| EXERCISE INSTRUCTIONS |
Look for the line containing "AK Parti seçim bürosu kundaklandı" and the line containing "Condition photo showing" in the entries below. Copy those two and all lines between them exactly, leaving out pictures.

| MATERIAL PROVIDED |
········

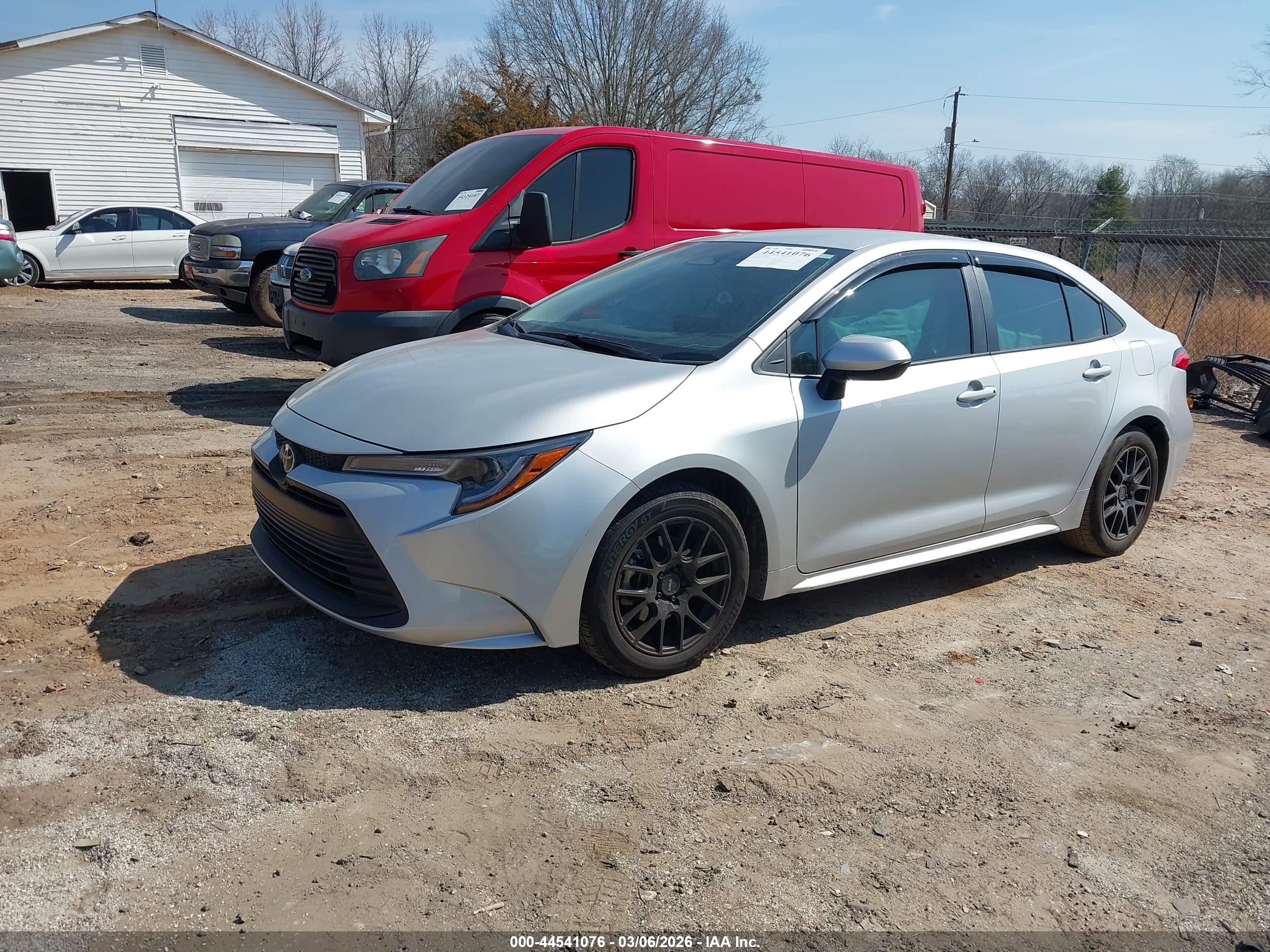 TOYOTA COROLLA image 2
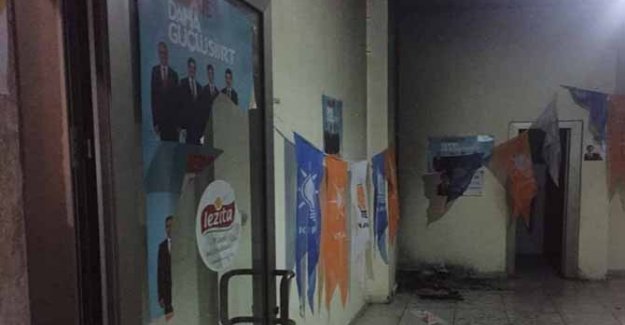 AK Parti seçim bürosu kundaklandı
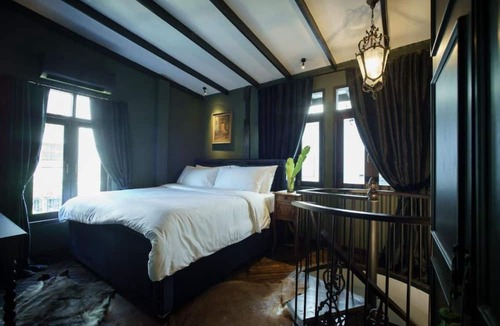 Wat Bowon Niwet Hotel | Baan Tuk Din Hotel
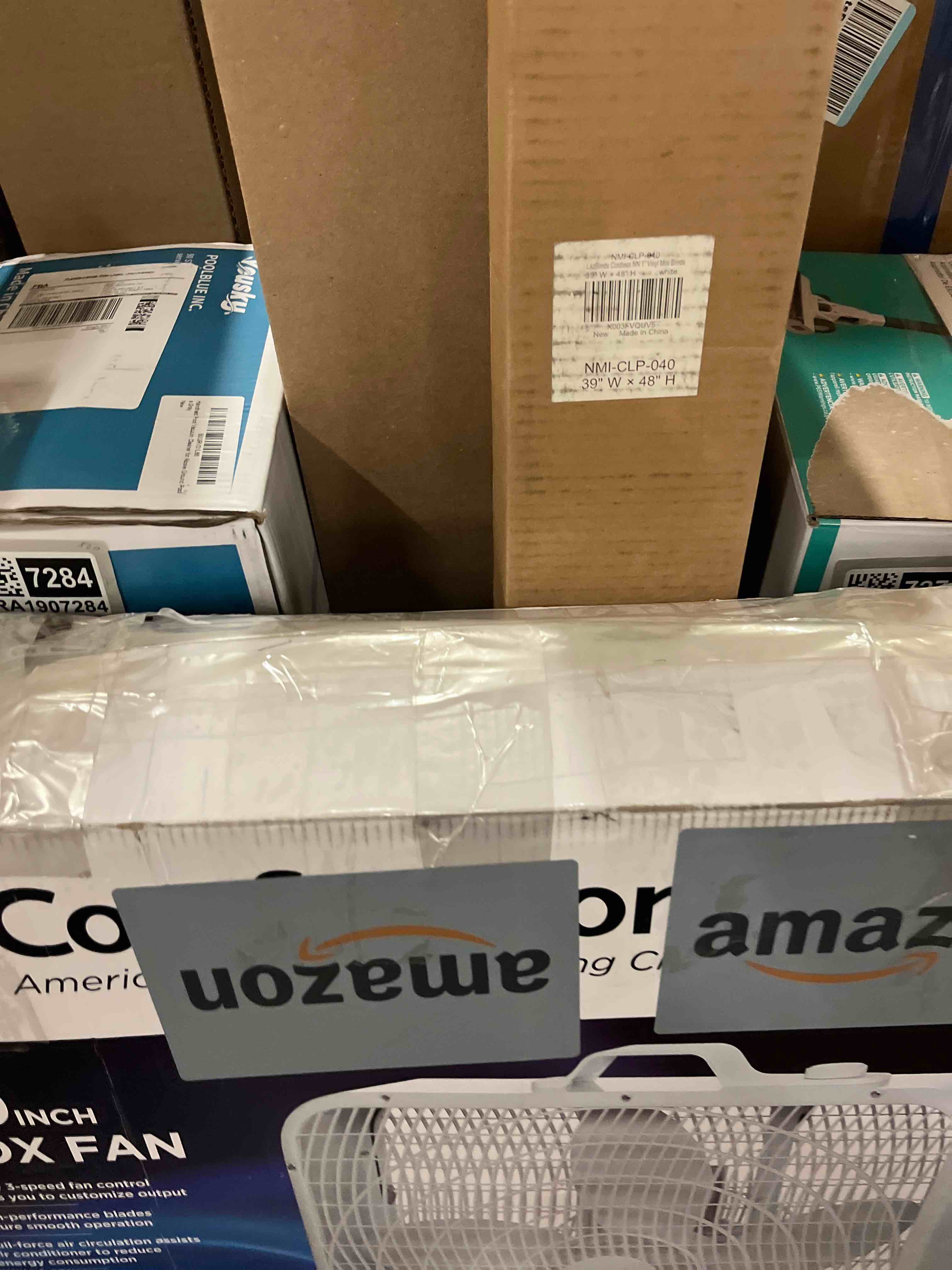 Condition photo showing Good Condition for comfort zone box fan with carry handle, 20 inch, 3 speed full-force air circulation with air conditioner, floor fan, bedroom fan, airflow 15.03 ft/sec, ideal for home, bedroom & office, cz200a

········

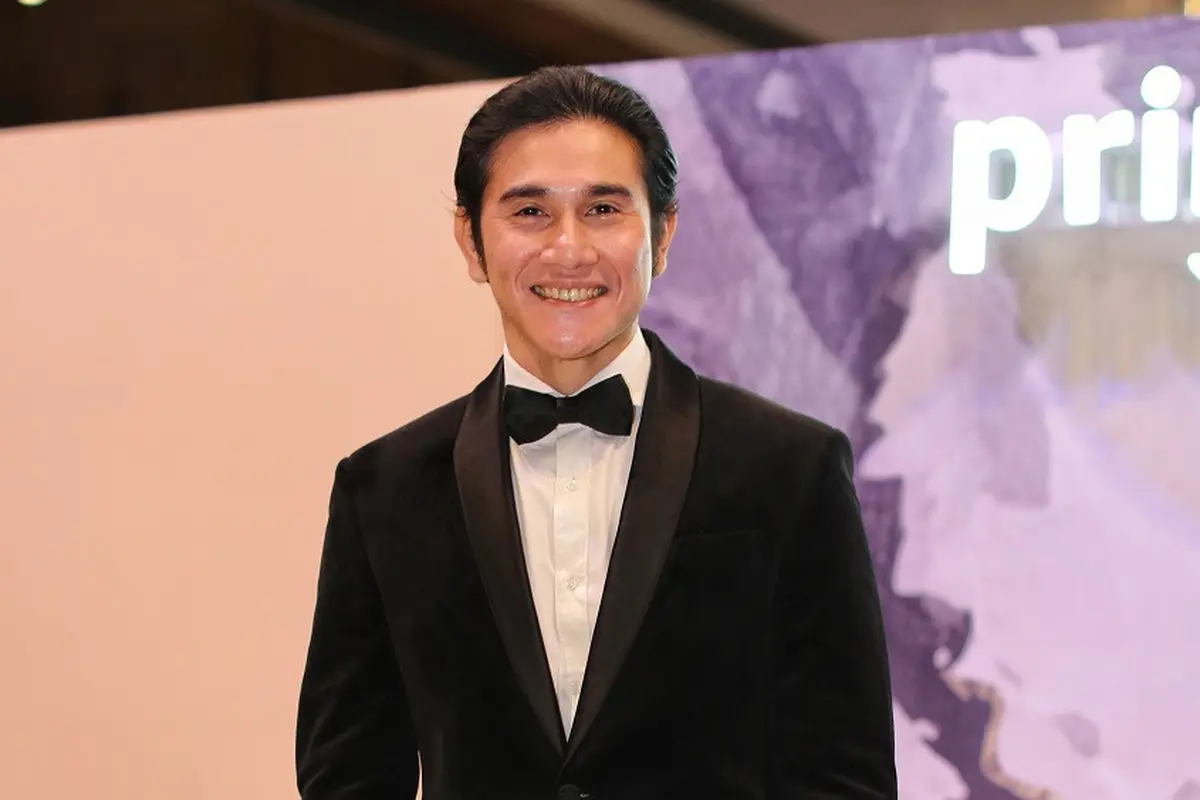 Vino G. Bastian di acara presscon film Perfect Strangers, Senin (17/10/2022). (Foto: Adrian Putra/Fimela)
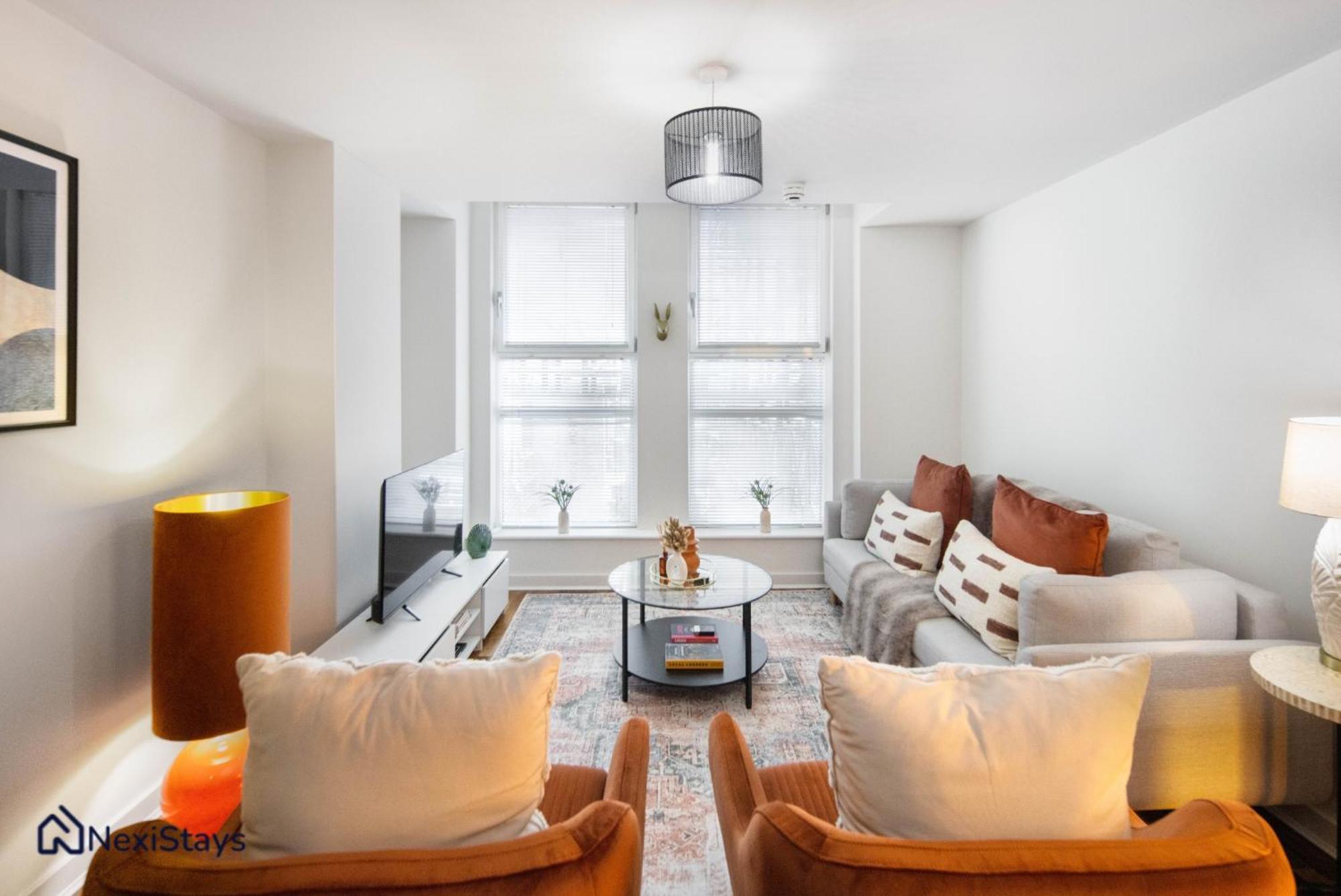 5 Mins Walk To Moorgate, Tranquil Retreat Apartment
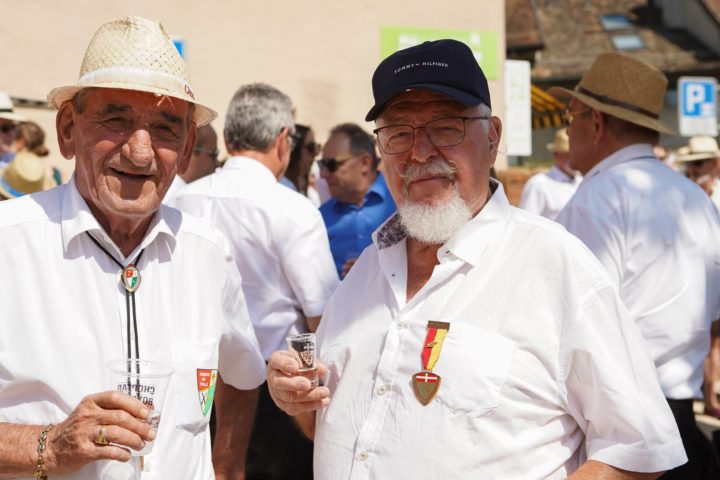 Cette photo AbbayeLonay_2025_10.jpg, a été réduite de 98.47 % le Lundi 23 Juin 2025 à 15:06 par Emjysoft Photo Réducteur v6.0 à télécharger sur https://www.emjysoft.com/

········

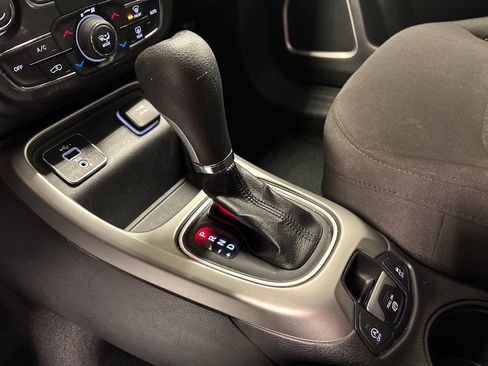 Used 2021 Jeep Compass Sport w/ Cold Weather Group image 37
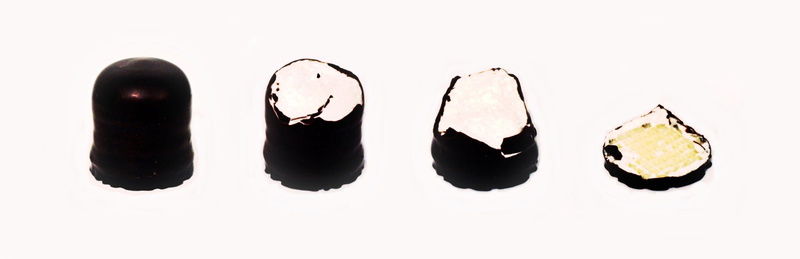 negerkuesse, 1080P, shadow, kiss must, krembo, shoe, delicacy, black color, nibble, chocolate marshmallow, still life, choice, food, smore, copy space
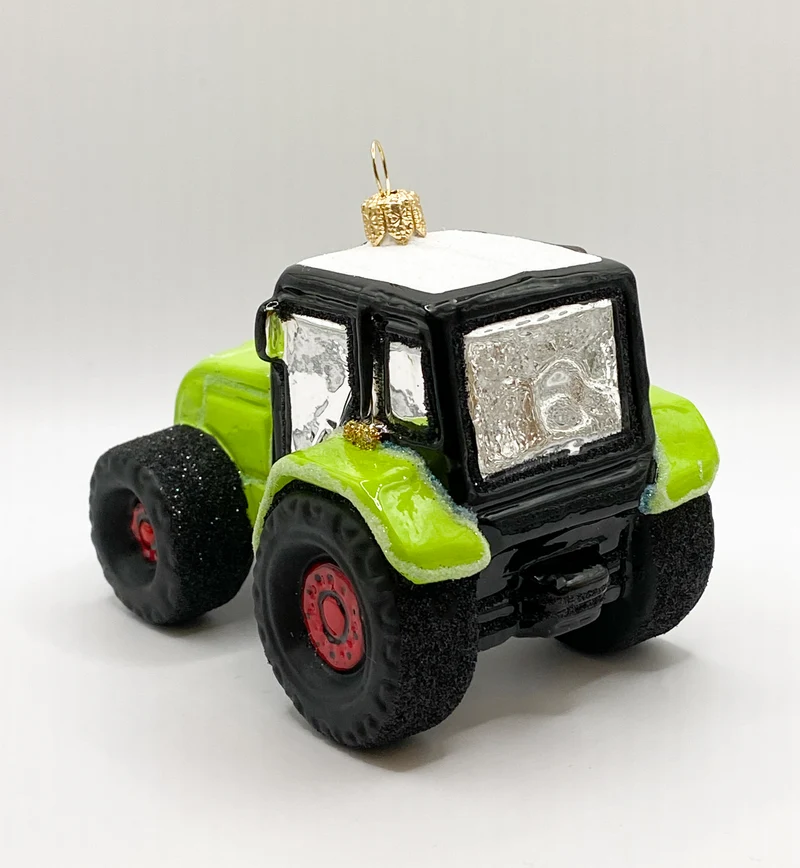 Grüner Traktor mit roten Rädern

········

| EXPECTED ANSWER |
 AK Parti seçim bürosu kundaklandı
 Wat Bowon Niwet Hotel | Baan Tuk Din Hotel
 Condition photo showing Good Condition for comfort zone box fan with carry handle, 20 inch, 3 speed full-force air circulation with air conditioner, floor fan, bedroom fan, airflow 15.03 ft/sec, ideal for home, bedroom & office, cz200a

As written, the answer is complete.